Greenfield zeroed in on a photo she had previously disregarded, showing a group of bored looking preteens huddled in the hallway of a Los Angeles private school dance, wearing ripped jeans, T-shirts and plaid button-downs. When she took the photo in 1992, Greenfield recognized two of the partygoers as the daughters of O.J. Simpson’s lawyer, but didn’t think much of it. Looking back, she realized she’d unwittingly captured Kim and Kourtney Kardashian, two individuals who embody the very dreams of status and spectacle she’d spent decades exploring.
In an interview with The Huffington Post, Greenfield expanded upon the Kardashian’s immense influence over contemporary generations. To explain, she cites sociologist and economist Juliet Schor, who wrote the introduction to Greenfield’s monograph. “According to Schor, in America, people used to compare themselves to the person down the road,” she said. “Someone who had a little bit more than they did. Keeping up with the Joneses.”
Today, however, we’re no longer comparing ourselves with our neighbors, but with the chimerical images we encounter on TV screens and social media feeds. As Greenfield put it: “Now we’re ‘Keeping up with the Kardashians,’ comparing our houses to what we see on ‘MTV Cribs.’” The latter reference is a bit dated, but it brings us back to the project’s origins in 1992, when Greenfield first began documenting her hometown of Los Angeles.
Greenfield returned to LA after completing her first photographic assignment as an intern for National Geographic. She’d been documenting a Zinacantec Maya village in Mexico ― an “exotic” culture she knew little about. “I realized I wanted to come back to my hometown and photograph my own culture,” she said. So she returned to her high school, Crossroads, an elite private school frequented by families with Hollywood ties, whose students were constantly competing with blowout Bar Mitzvahs, expensive cars and designer purses.
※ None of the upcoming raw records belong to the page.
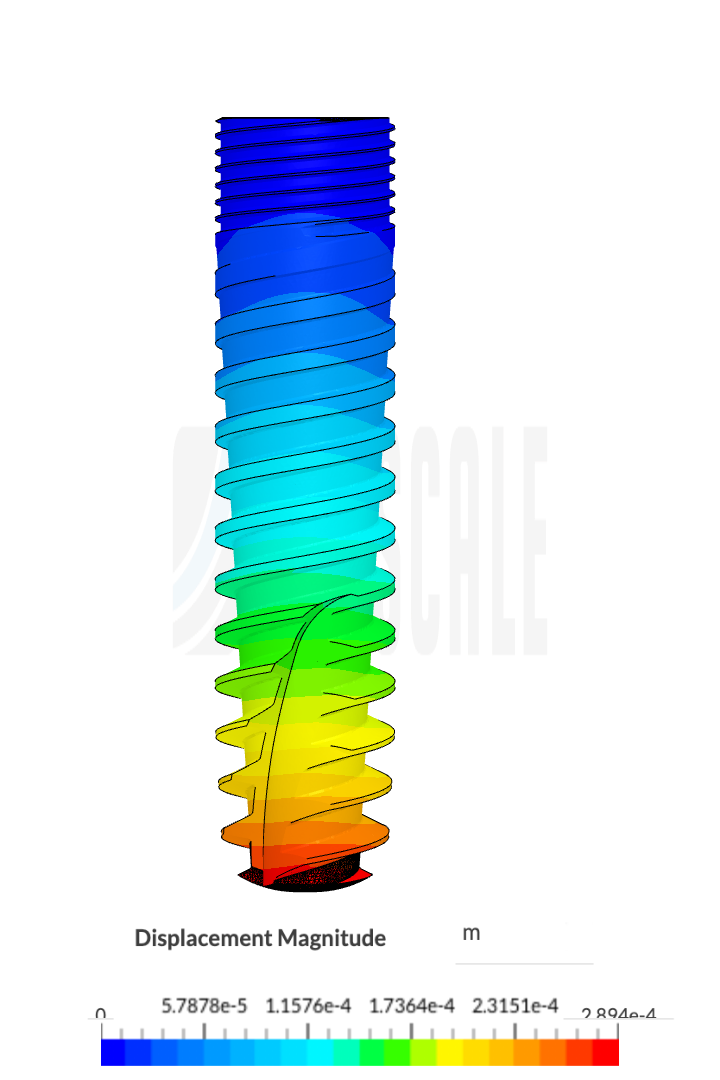 Dental implant image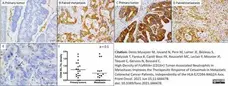 Anti Human HLA E Antibody, clone MEM-E/02 gallery image 2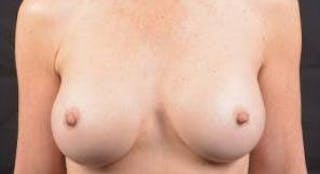Breast Augmentation Silicone Gel Before & After Gallery - Patient 272818 - Image 2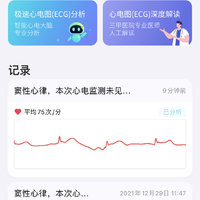手表的ECG搭配这个软件绝了……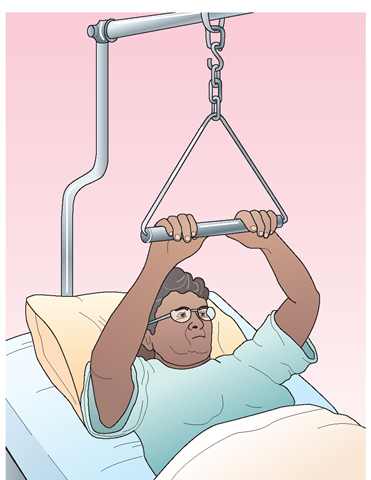 An overbed frame with a trapeze allows the client to lift the upper body off the bed and to move about in bed. It can also be used for bed exercises. 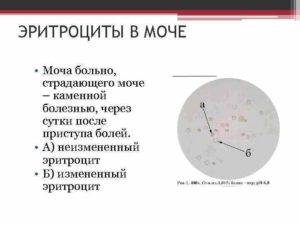 Что значит эритроциты в моче единичные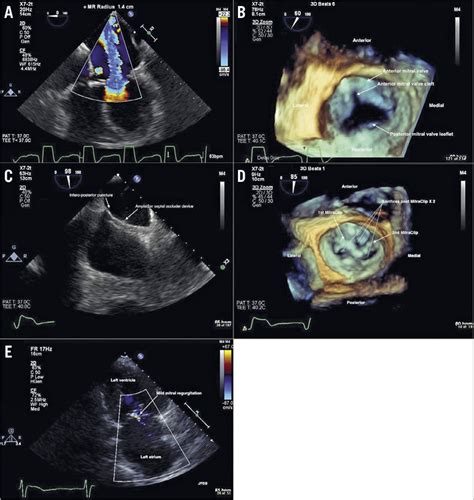 MitraClip intervention for severe mitral regurgitation with residual ...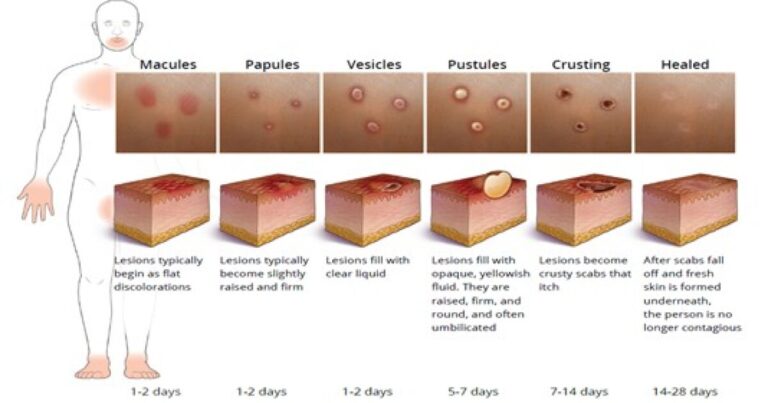 Washoe County Health officials encourage caution amid two mpox cases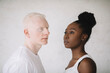 © Jovana Rikalo/Stocksy - Portrait of a young black woman and male albino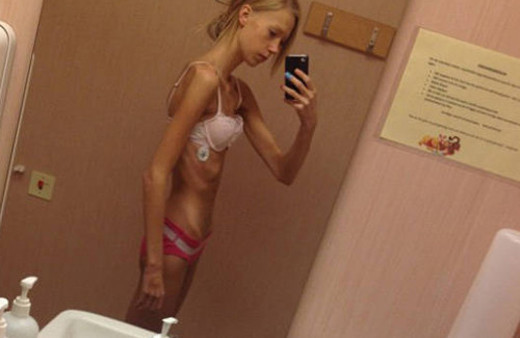 Yanlış diyet az daha öldürüyordu!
Greenfield’s first series, “Fast Forward: Growing Up in the Shadow of Hollywood,” focuses on the impact of media saturation on youth culture in LA. “It was the beginning of MTV,” Greenfield said. “I was seeing how rich kids, influenced by hip-hop, wanted to be like the kids of the inner city with this idea of ‘bling,’” she said. Those same kids living in inner cities, in turn, yearned to be rich. The series revealed that the appeal of wealth and fame crossed boundaries of race, class or background; most young Los Angelenos were driven by a desire for status and attention.
“Money affects kids in many ways,” Adam, a 13-year-old subject of Greenfield’s, explained to her in a 1994 interview, the first she ever conducted. In the photo alongside Adam’s interview, he’s pictured as a pudgy pubescent grinding with a go-go dancer at his nightclub-themed Bar Mitzvah. “It has ruined a lot of kids I know,” he continued. “It has ruined me — wearing a Rolex watch to school or just buying a $200 pair of shoes. I take flying lessons. I mean, I know a person who has a soccer field and an indoor basketball court. But that person’s dad is going to jail.”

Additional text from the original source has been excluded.